──────── RECORD SET

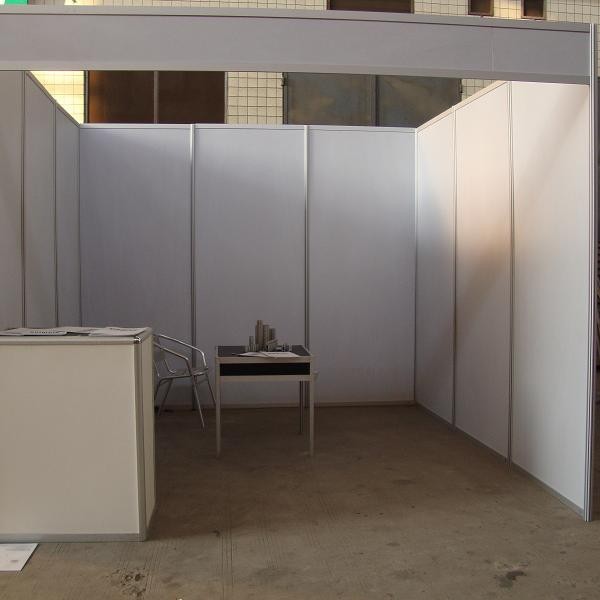 广东展览器材展台八棱柱国际标准展位标摊生产厂家 展会展示铝材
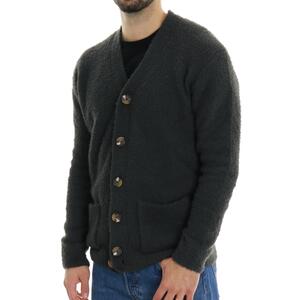 CARDIGAN TASCHE SSEINSE NERO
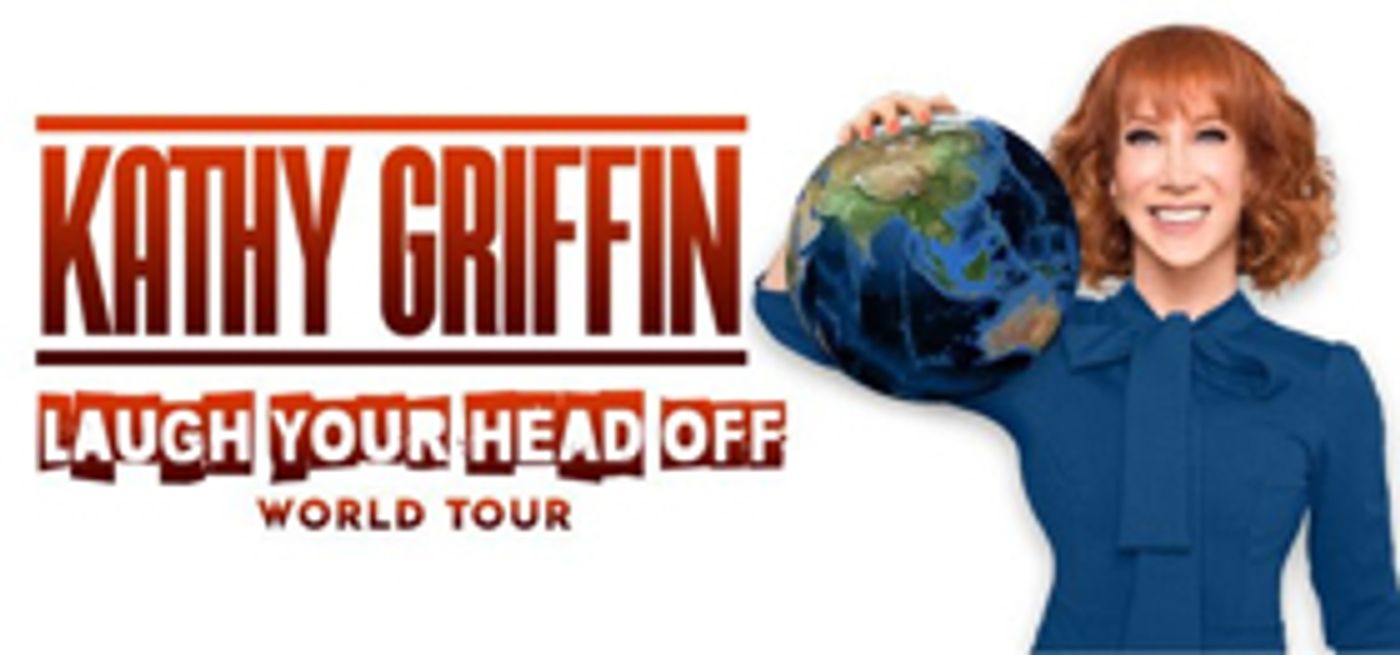 Kathy Griffin Returns to Providence in June  Image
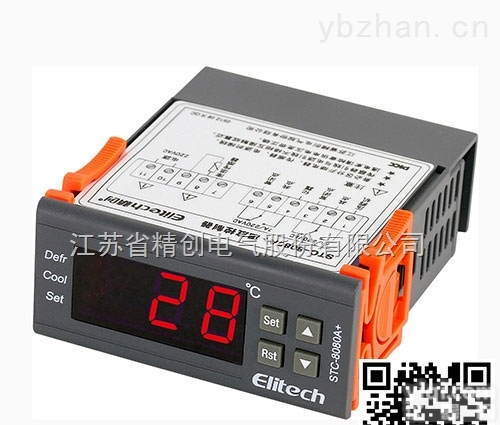 STC-8080A+  精创温度<em>控制器</em>STC-8080A+制冷<em>化霜</em><em>操作简单</em>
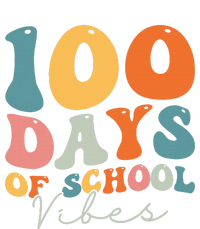 Groovy 100 Days Of School Vibes Teacher T-Shirt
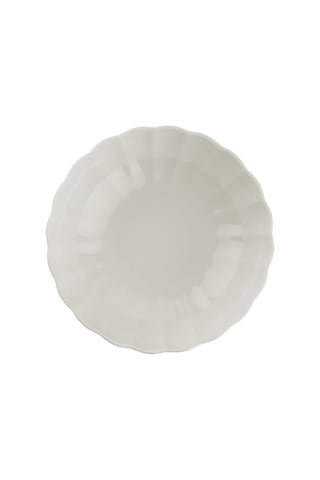 Kütahya Porselen Bone Luz Krem Çorba Kasesi 15cm 6 Lı Çok Renkli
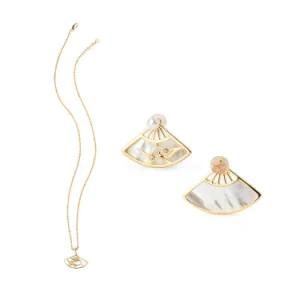 Palace Museum Taobao China Wind Earrings Necklace Earrings Earrings Earrings High Sense Earrings Female Summer Birthday Gift Set Style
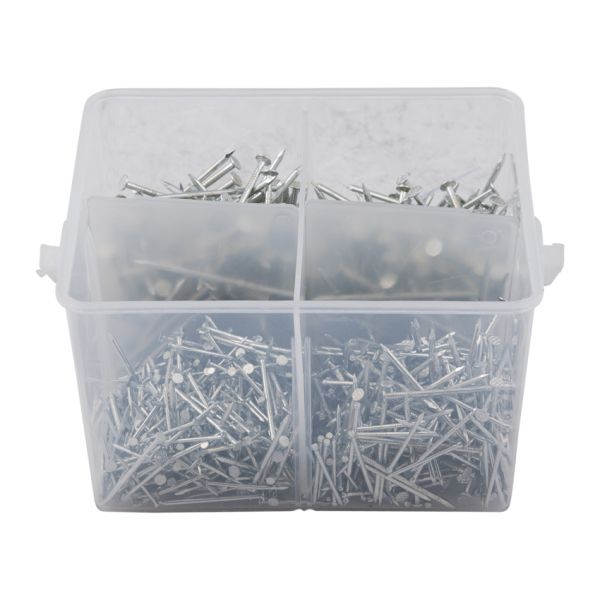 &Assortiment spijkers 1090 dlg.
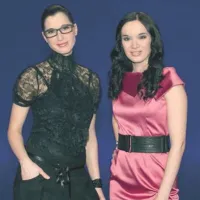 Andreja Kočar (levo) in Nataša Globočnik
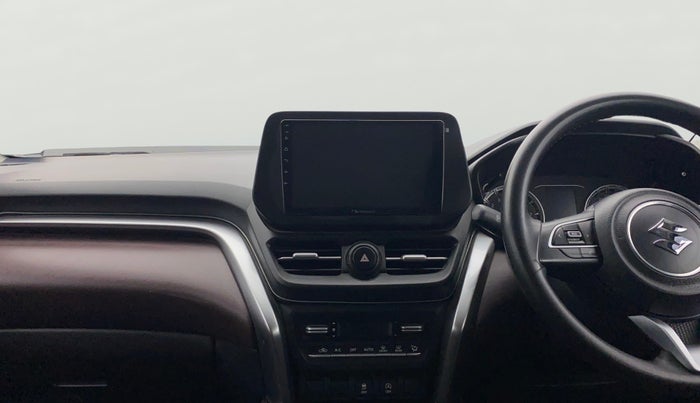 2023 Maruti Grand Vitara SIGMA SMART HYBRID, Petrol, Manual, 12,926 km, Air Conditioner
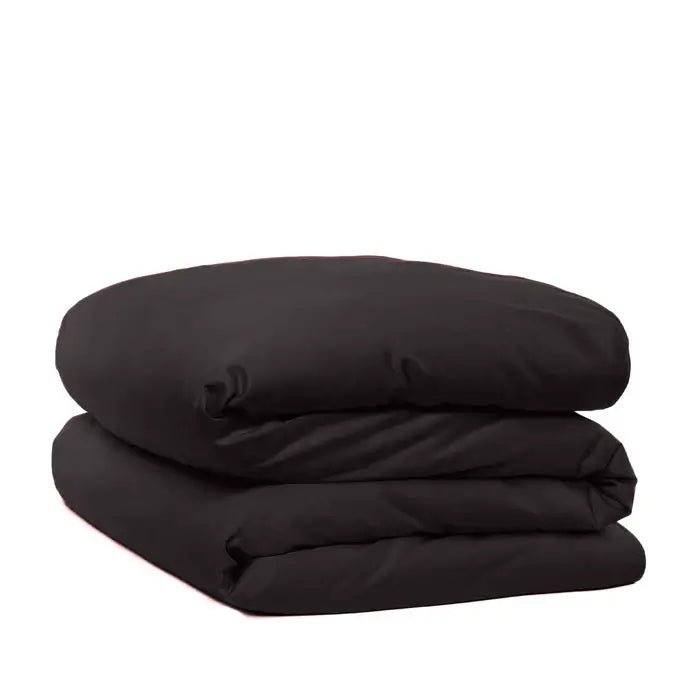 Housse de couette en percale de coton OURS NOIR Housse de couette  ,disponible chez Literie-Déco et moi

────────────────

> [EXERCISE GOAL]:
Once the line containing "spijkers 1090 dlg." is found, copy it and each line after it through the end of the entries above exactly; nothing else, and no pictures.

> [ANSWER TO THIS PROBLEM]:
 &Assortiment spijkers 1090 dlg.
 Andreja Kočar (levo) in Nataša Globočnik
 2023 Maruti Grand Vitara SIGMA SMART HYBRID, Petrol, Manual, 12,926 km, Air Conditioner
 Housse de couette en percale de coton OURS NOIR Housse de couette  ,disponible chez Literie-Déco et moi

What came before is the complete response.